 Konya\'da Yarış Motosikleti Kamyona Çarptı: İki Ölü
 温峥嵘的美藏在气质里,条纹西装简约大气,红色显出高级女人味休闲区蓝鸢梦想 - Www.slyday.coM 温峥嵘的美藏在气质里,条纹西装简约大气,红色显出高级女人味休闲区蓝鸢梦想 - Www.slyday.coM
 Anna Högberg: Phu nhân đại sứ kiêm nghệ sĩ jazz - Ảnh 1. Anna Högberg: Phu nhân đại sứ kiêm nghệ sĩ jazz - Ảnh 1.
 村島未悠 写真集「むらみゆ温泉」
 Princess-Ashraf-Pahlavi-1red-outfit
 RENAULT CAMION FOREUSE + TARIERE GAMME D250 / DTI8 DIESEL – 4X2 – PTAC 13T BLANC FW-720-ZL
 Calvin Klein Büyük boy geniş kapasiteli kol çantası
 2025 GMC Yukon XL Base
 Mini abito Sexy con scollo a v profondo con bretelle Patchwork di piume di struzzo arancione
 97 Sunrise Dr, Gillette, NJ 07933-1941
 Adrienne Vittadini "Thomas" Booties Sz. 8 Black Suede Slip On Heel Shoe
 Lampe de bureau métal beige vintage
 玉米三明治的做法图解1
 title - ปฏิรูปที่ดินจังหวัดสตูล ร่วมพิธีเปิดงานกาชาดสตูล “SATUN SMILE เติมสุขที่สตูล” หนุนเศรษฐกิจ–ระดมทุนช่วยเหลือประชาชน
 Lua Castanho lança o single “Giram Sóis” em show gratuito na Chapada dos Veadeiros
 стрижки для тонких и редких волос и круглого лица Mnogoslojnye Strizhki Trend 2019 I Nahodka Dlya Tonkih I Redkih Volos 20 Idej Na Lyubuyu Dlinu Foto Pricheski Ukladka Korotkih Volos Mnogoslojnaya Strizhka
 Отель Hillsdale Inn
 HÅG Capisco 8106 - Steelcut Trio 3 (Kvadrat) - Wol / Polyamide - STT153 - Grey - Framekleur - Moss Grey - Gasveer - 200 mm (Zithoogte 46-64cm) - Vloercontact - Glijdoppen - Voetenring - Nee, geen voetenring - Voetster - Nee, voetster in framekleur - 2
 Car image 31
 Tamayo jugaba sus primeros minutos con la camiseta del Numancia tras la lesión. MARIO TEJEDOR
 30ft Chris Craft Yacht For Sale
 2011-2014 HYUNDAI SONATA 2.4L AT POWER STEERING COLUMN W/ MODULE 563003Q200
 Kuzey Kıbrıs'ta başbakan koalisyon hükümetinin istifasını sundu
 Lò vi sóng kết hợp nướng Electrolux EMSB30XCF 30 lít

===============

** Activity **
The required output is the stretch of entries above from the line containing "2025 GMC Yukon XL Base" through the line containing "title - ปฏิรูปที่ดินจังหวัดสตูล", reproduced exactly.

** Answer to this exercise **
 2025 GMC Yukon XL Base
 Mini abito Sexy con scollo a v profondo con bretelle Patchwork di piume di struzzo arancione
 97 Sunrise Dr, Gillette, NJ 07933-1941
 Adrienne Vittadini "Thomas" Booties Sz. 8 Black Suede Slip On Heel Shoe
 Lampe de bureau métal beige vintage
 玉米三明治的做法图解1
 title - ปฏิรูปที่ดินจังหวัดสตูล ร่วมพิธีเปิดงานกาชาดสตูล “SATUN SMILE เติมสุขที่สตูล” หนุนเศรษฐกิจ–ระดมทุนช่วยเหลือประชาชน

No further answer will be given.